Shares

Shares

Typedef on uint256 to represent user shares in vault contracts. Allows type checking to prevent errors where shares and collateral intermix

PerShare

User-defined type: an X-per-share rate (really a FPUnsigned). Because Shares values are multiples of 1E18 on top of however many decimals the collateral token has, "seconds per share" is a very small number. To avoid precision loss, we store them inverted (shares per second) and expose methods that allow us to treat this as the sensible quantity of seconds per share.

isLessThanOrEqual

Whether a is less than or equal to b.

function isLessThanOrEqual(Shares a, Shares b) internal pure returns (bool)

Return Values

Name	Type	Description
[0]	bool	True if a <= b, or False if not.

isLessThan

Whether a is less than b.

function isLessThan(Shares a, Shares b) internal pure returns (bool)

isGreaterThanOrEqual

Whether a is greater than or equal to b.

function isGreaterThanOrEqual(Shares a, Shares b) internal pure returns (bool)

isGreaterThan

Whether a is greater than b.

function isGreaterThan(Shares a, Shares b) internal pure returns (bool)

isEqualTo

Whether a is equal to b.

function isEqualTo(Shares a, Shares b) internal pure returns (bool)

minus

Difference between a and b shares.
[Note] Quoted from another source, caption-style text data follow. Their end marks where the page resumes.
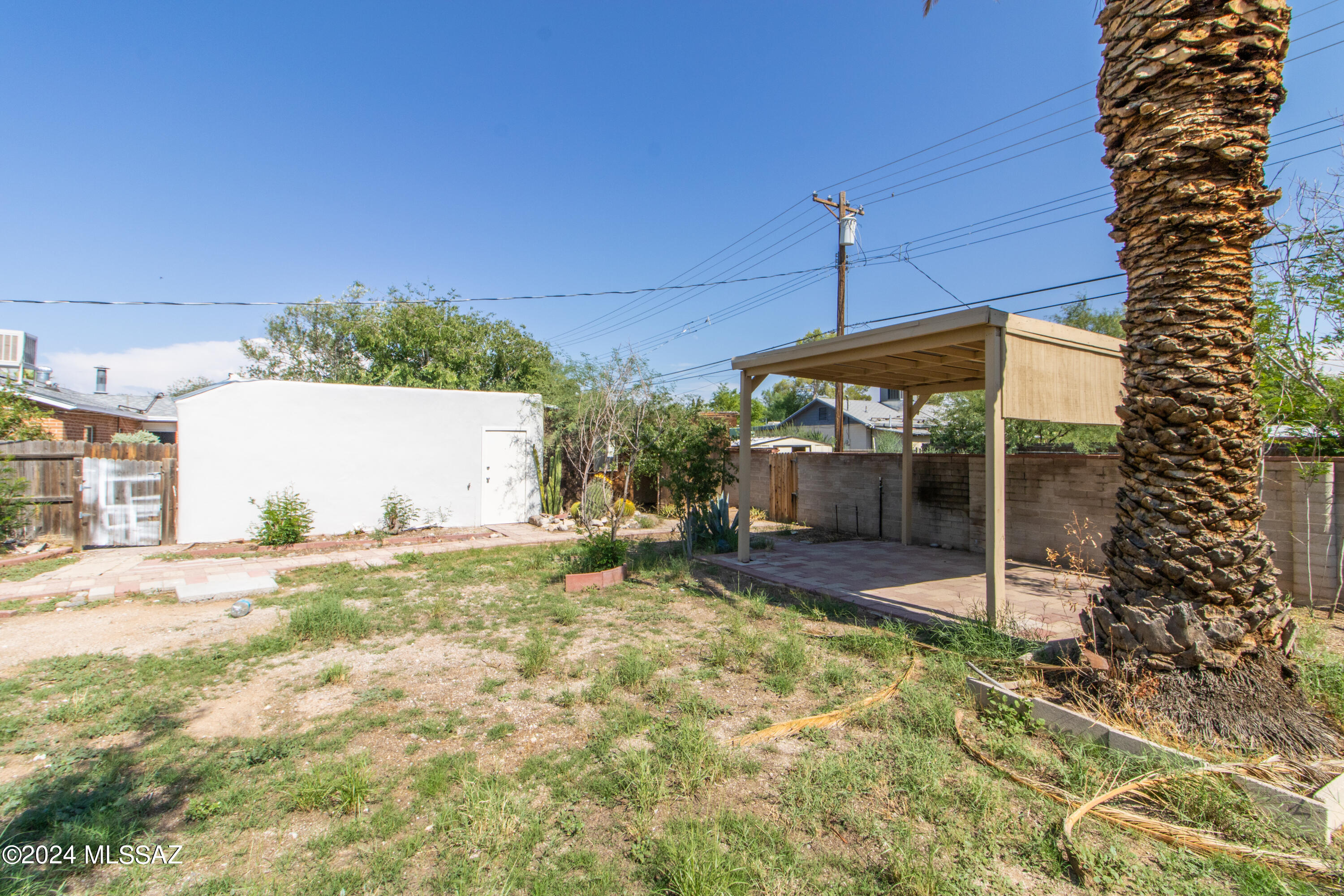 Photo 17 of 20 of 4124 E 1st Street house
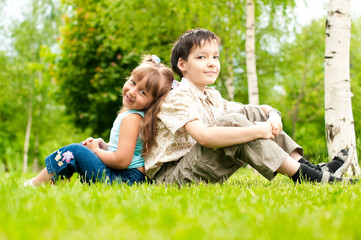 Naklejka na ściany i meble little brother and sister sittin back to back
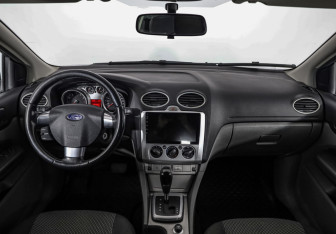 Подержанный автомобиль Ford Focus Sedan 2009 года (10 фото)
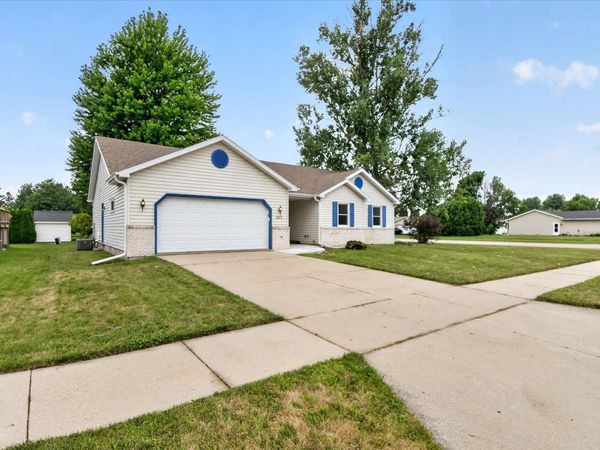 1223 Alpine Drive, Janesville, WI 53546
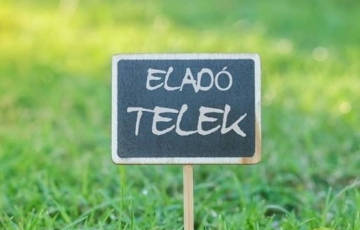 Eladó telek/földterület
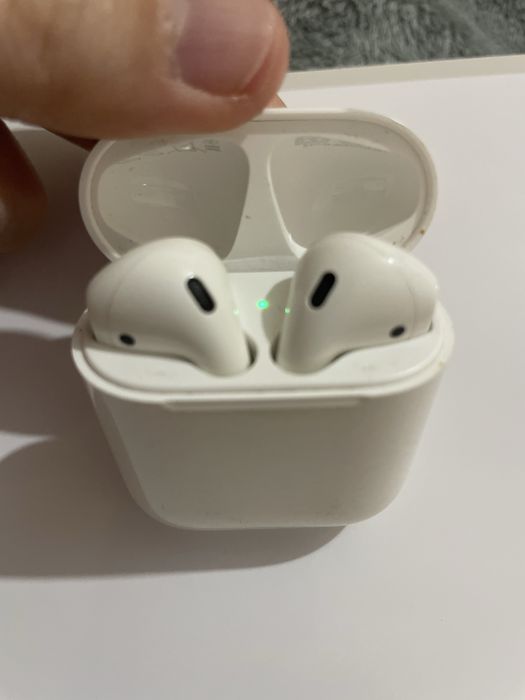 Продам AirPods наушники
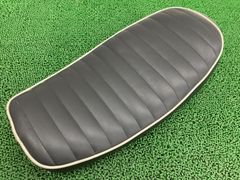 DAX125 endurance スリムシート ローダウン 良品 jb04 06 - メルカリ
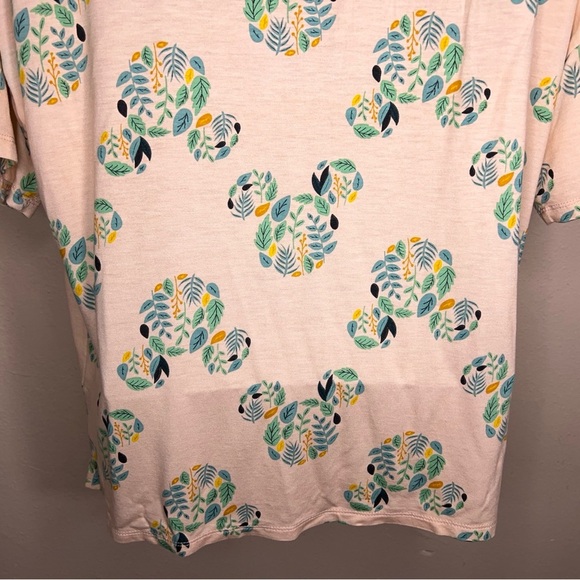 Medium Disney Pink Green Leaves Mickey Mouse Shapes Tshirt Lightweight Tee - Picture 6 of 14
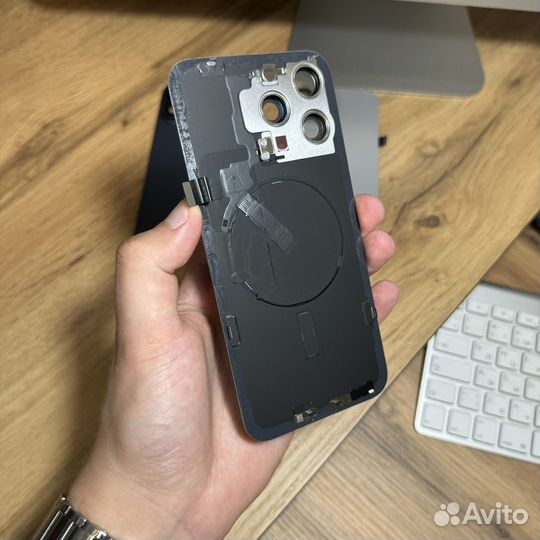 Задняя крышка iPhone 15 Pro Max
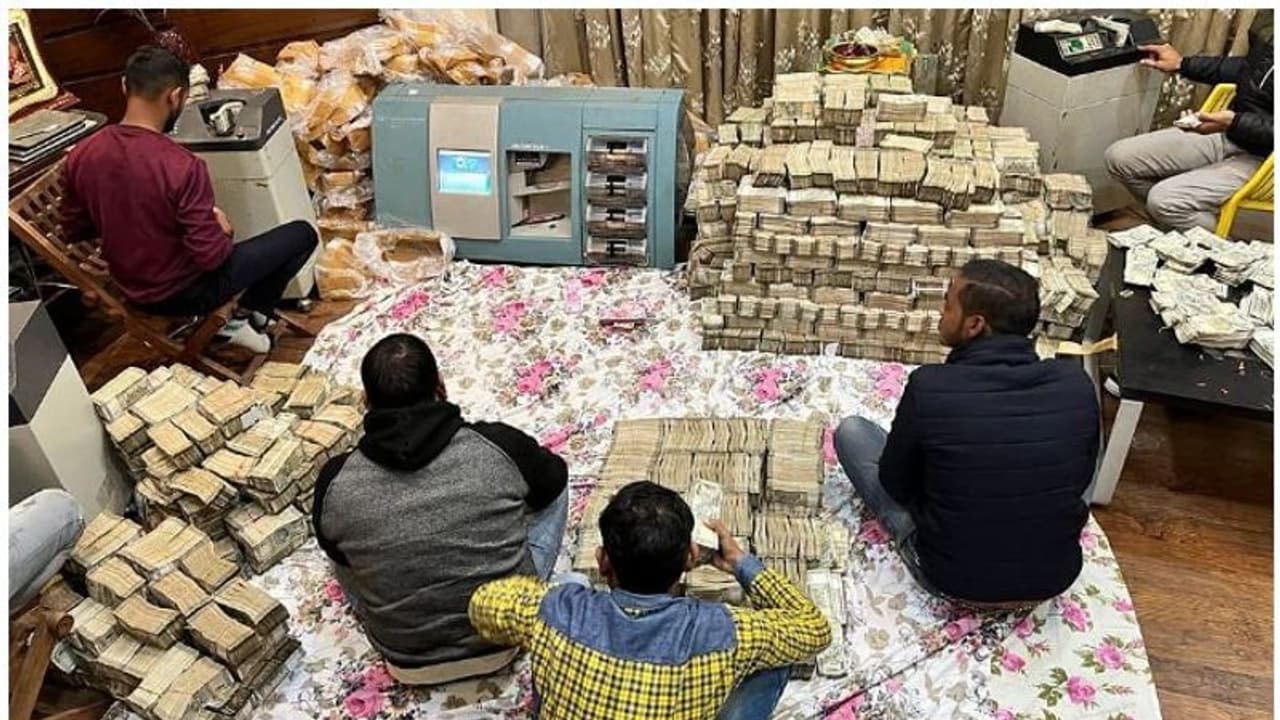 Kanpur Raid : കാൺപൂരിൽ വ്യവസായിയുടെ വീട്ടിൽ നിന്ന് 177 കോടി പിടിച്ചു, 36 മണിക്കൂർ നീണ്ട റെയ്ഡ്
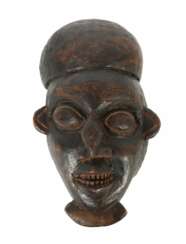 Maske der Bamileke Kamerun, Holz geschnitzt, das M…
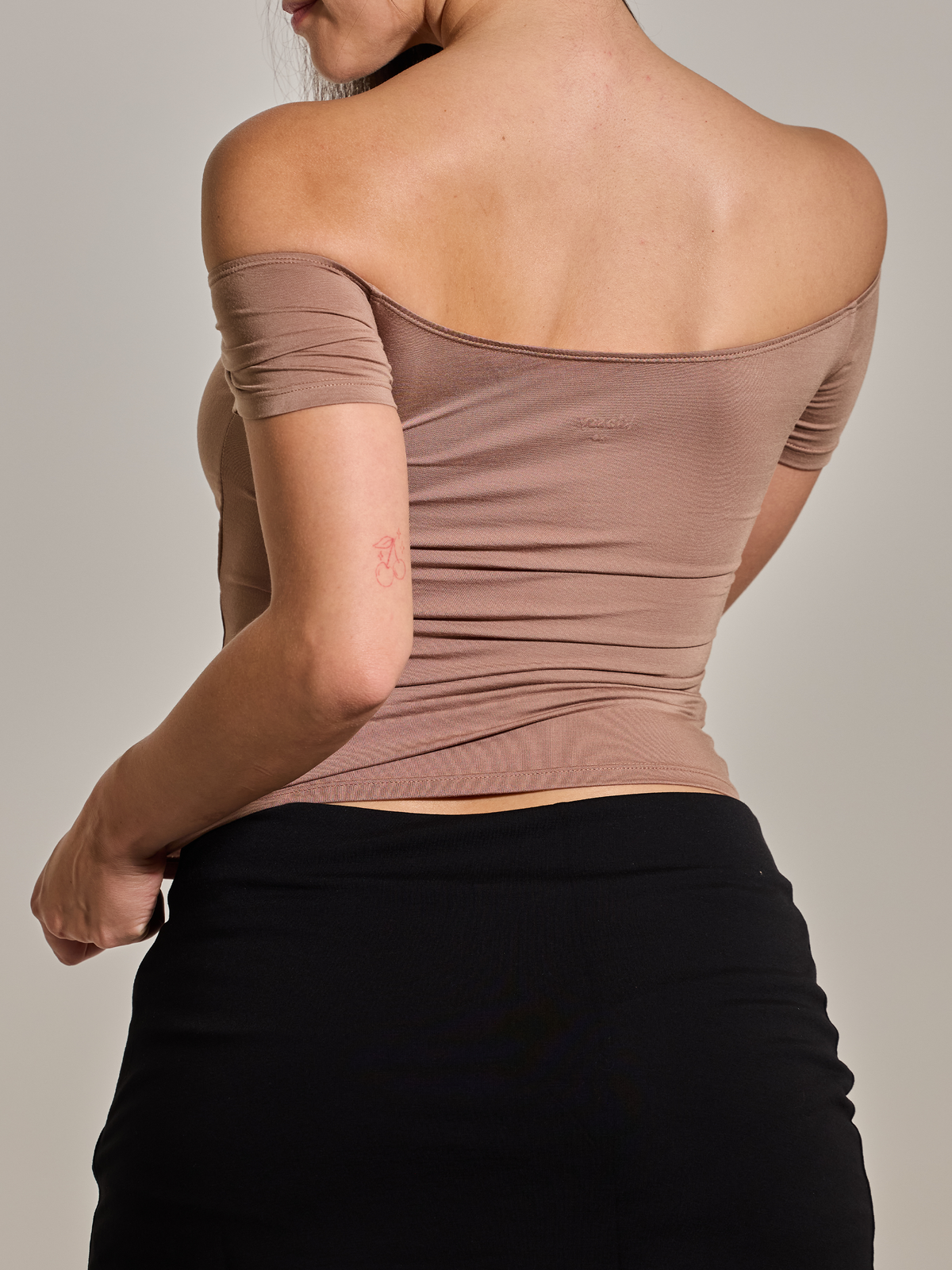 Twist Off The Shoulder Short Sleeve – Klassy Network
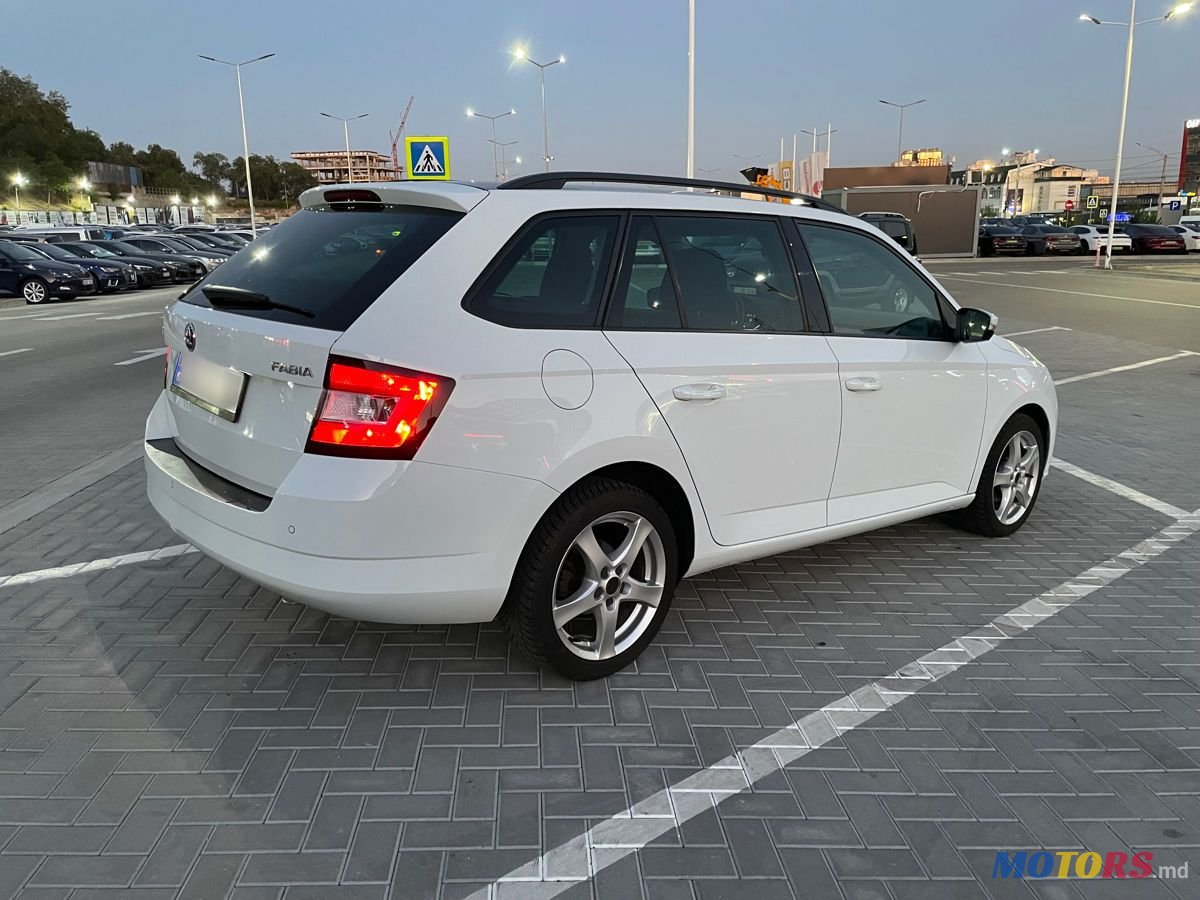 2017' Skoda Fabia photo #6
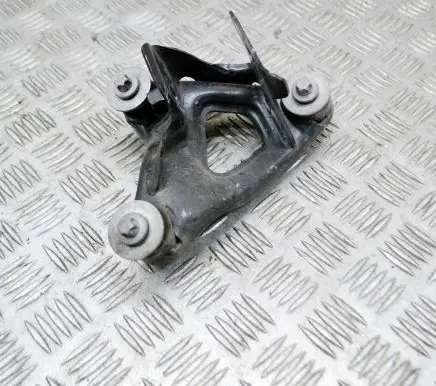 Tesla Model 3 Engine mounting bracket 111152100B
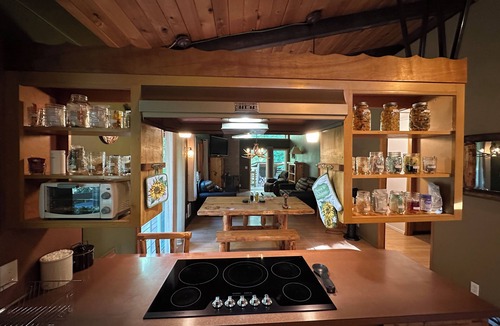 Ariel House | Mt. St. Helens Base Camp. 65 minutes from PDX. 5 minutes to lakes!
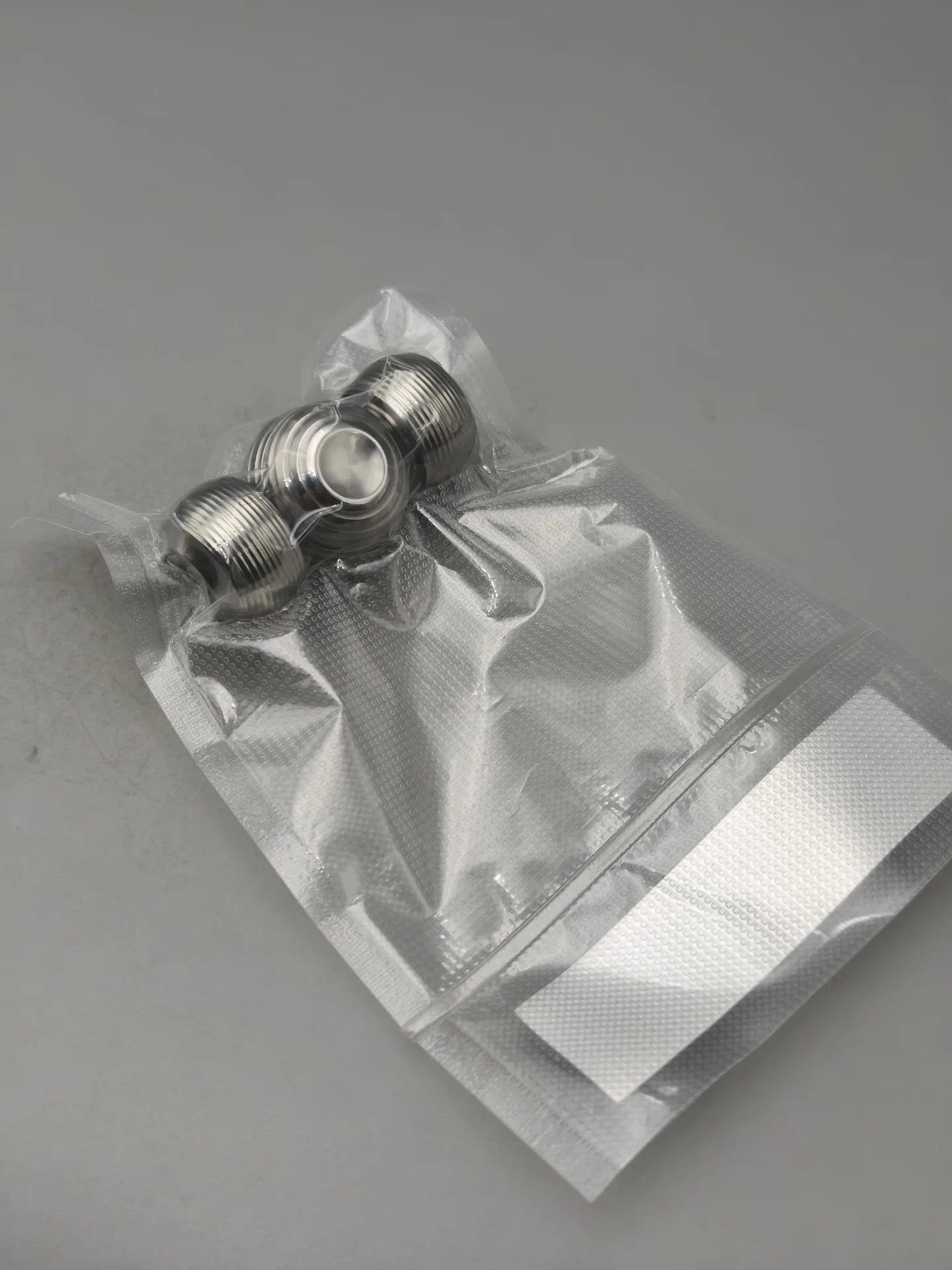 Used spinx zirconium 3q fingertip gyro edc metal decompression toy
Reverts if b > a

function minus(Shares a, Shares b) internal pure returns (Shares)

plus

Sum of a and b shares.

function plus(Shares a, Shares b) internal pure returns (Shares)

div

Ratio of a and b shares

function div(Shares a, Shares b) internal pure returns (FPUnsigned)

Return Values

Name	Type	Description
[0]	FPUnsigned	FPUnsigned ratio of $\frac{a}{b}$. This is not a Shares quantity

divScale

a shares divided by uint b

function divScale(Shares a, uint256 b) internal pure returns (Shares)

Return Values

Name	Type	Description
[0]	Shares	Shares a/b

mul

Shares a times some scaling factor b

function mul(Shares a, FPUnsigned b) internal pure returns (Shares product)

Parameters

Name	Type	Description
a	Shares	Shares quantity
b	FPUnsigned	FPUnsigned factor

Return Values

Name	Type	Description
product	Shares	product of a*b

SharesLib

Addresses

Chain	Address

Functions

rate

Ratio of a per b shares

function rate(uint256 a, Shares b) internal pure returns (PerShare rate_)

Return Values

Name	Type	Description
rate_	PerShare	$\frac{a}{b}$ (represented as $\frac{b}{a}$)

rateMul

Multiply a PerShare rate by a Shares to obtain a FPUnsigned numerator

function rateMul(PerShare a, Shares b) internal pure returns (FPUnsigned qty)

Parameters

Name	Type	Description
a	PerShare	a PerShares rate
b	Shares	a number of shares

Return Values

Name	Type	Description
qty	FPUnsigned	a * b; numerator units of a

divRate

Divide a FPUnsigned numerator by a PerShare rate to obtain a Shares quantity

function divRate(PerShare a, uint256 b) internal pure returns (Shares shares)

Parameters

Name	Type	Description
a	PerShare	a PerShares rate
b	uint256	a quantity (same units as a's numerator)

Return Values

Name	Type	Description
shares	Shares	b / a

Errors

ZeroRateDiv

x / rate is undefined for rates of 0

error ZeroRateDiv(uint256 b)

perShareEq

Whether a is equal to b.

function perShareEq(PerShare a, PerShare b) internal pure returns (bool)

perShareNeq

Whether a is not equal to b.

function perShareNeq(PerShare a, PerShare b) internal pure returns (bool)

perShareAdd

Add two PerShare rates.

function perShareAdd(PerShare a, PerShare b) internal pure returns (PerShare)

Dev note

Possible precision loss here, because we must invert the stored ratios in order to add them and the intermediate $\frac{a}{b}$ values may be small:

$\cfrac{1}{\cfrac{1}{\frac{b_1}{a_1}} + \cfrac{1}{\frac{b_2}{a_2}}}$

However, this method is only called when a user lets two requests expire in a row, so it's better than incurring precision loss from small $\frac{a}{b}$ ratios every time we create or apply a penalty rate.